##### DATASET EXCERPT

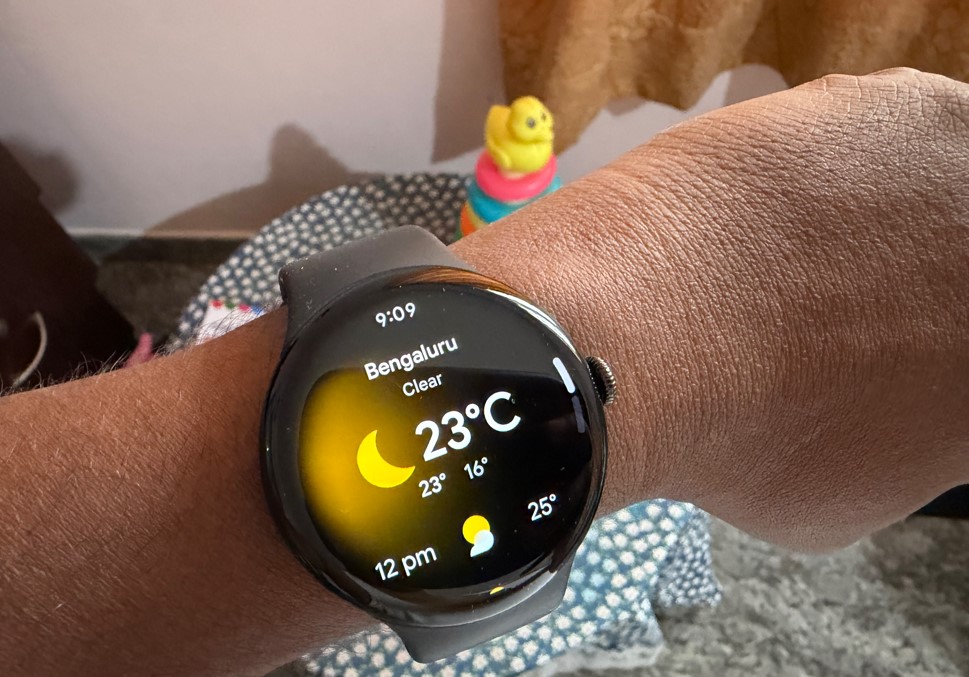 Google Pixel Watch 4.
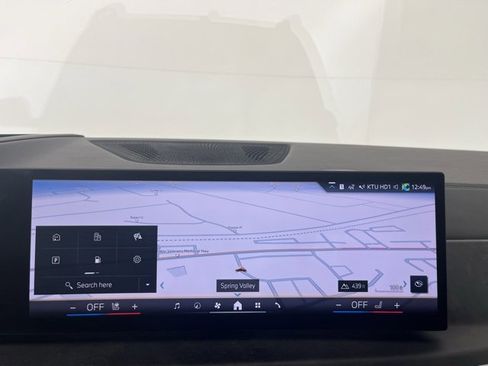 Used 2024 BMW X7 xDrive40i w/ Premium Package image 16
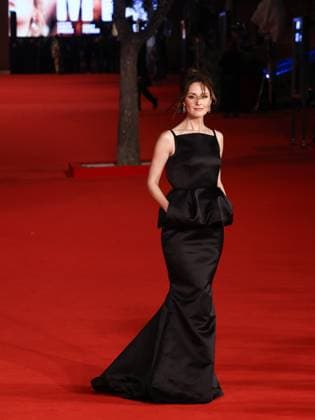: Rome Cinema Fest 2025 day 9 - Red carpet for the film If I Had Legs I d Kick You. Pictured: Rose Byrne  - ZUMAp169 20251023_zea_p169_1122 Copyright: xMarcoxProvvisionatox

##########

[PROBLEM REQUIREMENTS] Everything from the line with "Used 2024 BMW" through the final line of the material is to be returned exactly, both ends included, apart from the pictures.

[WRITTEN ANSWER]
 Used 2024 BMW X7 xDrive40i w/ Premium Package image 16
: Rome Cinema Fest 2025 day 9 - Red carpet for the film If I Had Legs I d Kick You. Pictured: Rose Byrne  - ZUMAp169 20251023_zea_p169_1122 Copyright: xMarcoxProvvisionatox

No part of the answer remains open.